わかる簿記~簿記って何?〜簿記が作る2つの表【第一弾】貸借対照表


今日は簿記に関し超超初心者の方に向けて

簿記ってそもそも、、、、なに?

どんなもの?

ということをわかっていただくための解説【第一弾】を書きます。

(多分、【第二弾】で超重要な説明は終わると思います)

 

今日の記事の対象読者は次のような方々です:

 

簿記って何?と思った老若男女全般

商業高校に進学することを考えている方

大学や専門学校で簿記というものに出くわしてしまった

日商簿記初級を受けようと思っている方

日商簿記3級を受けようと思っている方

日商簿記2級の勉強を、始めようかな?くらいの段階の方

・経理部に配属されたが簿記の「ボ」の字も解らないという方

 

がしかし、

それ以外の方もぜひ目を通してみてくださいね。

当たり前にようにやっていたことの意義

再認識できるかもしれませんから。

 

簿記がどんな事を表現するか、

簿記が伝える事を、

超単純で極端な例を用いて説明します。

(言葉の厳密な正確さを欠いても、分かり易さを重視しますね)

 

では始めます。

【例】

あなたのお友達、青山くん赤沢さんがいます。

青山くんはお財布の中に100万円持っています。

これが青山くんの持つ全ての資産です。

一方、赤沢さんのお財布を見てみると、

なんと赤沢さんも100万円持っています。

赤沢さんの資産もこの100万円が全てです。

青山くん赤沢さん100万円持っている。

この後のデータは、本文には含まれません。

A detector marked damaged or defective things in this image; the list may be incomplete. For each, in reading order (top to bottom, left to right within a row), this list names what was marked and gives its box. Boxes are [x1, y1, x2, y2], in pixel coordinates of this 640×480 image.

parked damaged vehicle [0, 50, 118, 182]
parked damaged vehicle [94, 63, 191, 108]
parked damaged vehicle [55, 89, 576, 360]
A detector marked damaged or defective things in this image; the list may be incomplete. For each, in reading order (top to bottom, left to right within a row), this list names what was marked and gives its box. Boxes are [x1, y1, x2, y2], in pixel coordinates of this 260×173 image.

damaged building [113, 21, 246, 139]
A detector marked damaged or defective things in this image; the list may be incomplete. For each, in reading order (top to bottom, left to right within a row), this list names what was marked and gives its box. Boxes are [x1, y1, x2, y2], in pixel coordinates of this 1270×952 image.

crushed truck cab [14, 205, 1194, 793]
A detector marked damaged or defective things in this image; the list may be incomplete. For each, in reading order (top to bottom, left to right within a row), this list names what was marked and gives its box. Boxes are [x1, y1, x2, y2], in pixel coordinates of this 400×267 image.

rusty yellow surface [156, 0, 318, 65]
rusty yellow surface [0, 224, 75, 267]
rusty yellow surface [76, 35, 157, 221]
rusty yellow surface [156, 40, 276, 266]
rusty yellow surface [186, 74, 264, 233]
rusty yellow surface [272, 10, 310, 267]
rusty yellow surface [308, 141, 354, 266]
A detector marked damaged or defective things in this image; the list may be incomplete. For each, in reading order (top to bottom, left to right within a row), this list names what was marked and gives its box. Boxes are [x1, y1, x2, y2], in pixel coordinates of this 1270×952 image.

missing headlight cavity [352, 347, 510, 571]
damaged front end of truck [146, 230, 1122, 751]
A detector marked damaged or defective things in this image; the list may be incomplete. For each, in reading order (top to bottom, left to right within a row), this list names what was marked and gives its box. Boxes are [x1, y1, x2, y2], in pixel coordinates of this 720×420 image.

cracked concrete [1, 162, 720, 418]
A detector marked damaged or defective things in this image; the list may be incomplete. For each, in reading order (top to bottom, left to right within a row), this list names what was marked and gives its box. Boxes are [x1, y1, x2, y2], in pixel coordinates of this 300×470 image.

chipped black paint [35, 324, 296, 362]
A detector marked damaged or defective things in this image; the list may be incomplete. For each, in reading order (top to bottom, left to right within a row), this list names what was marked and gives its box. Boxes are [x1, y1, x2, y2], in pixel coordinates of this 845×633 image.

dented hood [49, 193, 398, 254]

。。

 

さて、ここで考えてみましょう。

青山くん赤沢さん

どちらがお金持ちでしょうか???

 

「お金持ち」という言葉の定義によりますかね?

 

ちょっと質問のしかたを変えてみましょうか。

 

あなたがお金を50万円貸すとしたら、

青山くん赤沢さん

どちらに貸しますか?

 

個人的にどちらの方が好きとか仲が良いとかは気にせず、

ドライに考えましょう。

 

どちらの方がお金をちゃんと返してくれる可能性が高いか?

という事を考えます。

 

答えはズバリ!…..判りません!!!

 

そう。

100万円持っているという情報だけでは判りません。

 

では、もう少し情報を足します。

 

青山くんが持っている100万円は全て

自分のお金」です。

一方、

赤沢さんが財布に持っている100万円は

全て「他人から借りたお金」です。

そのお金は明日返さなければいけません。

つまり、

「自分のお金」は0円という事です。

 

はい。ではもう一度質問に戻ります。

 

あなたがお金を貸すとしたらどちらに貸しますか?

 

あなたがいくら良い人でも、ここでは

「より困っている方に貸してあげたい」

と考えないでくださいね^^

 

こんな風にあなたの状況設定をしましょう。

あなたは他人のお金の管理・運用を任されています。

あなたの使命はそのお金を貸して、利息を付けて返してもらうことで増やしていくことです。

いくらお金を増やしたかによってあなたのお給料が決まってくるとします。

お金を貸して、返ってこなかったら、資産を増やすどころか減らしてしまうことになりますから、慎重に見極めなければいけません。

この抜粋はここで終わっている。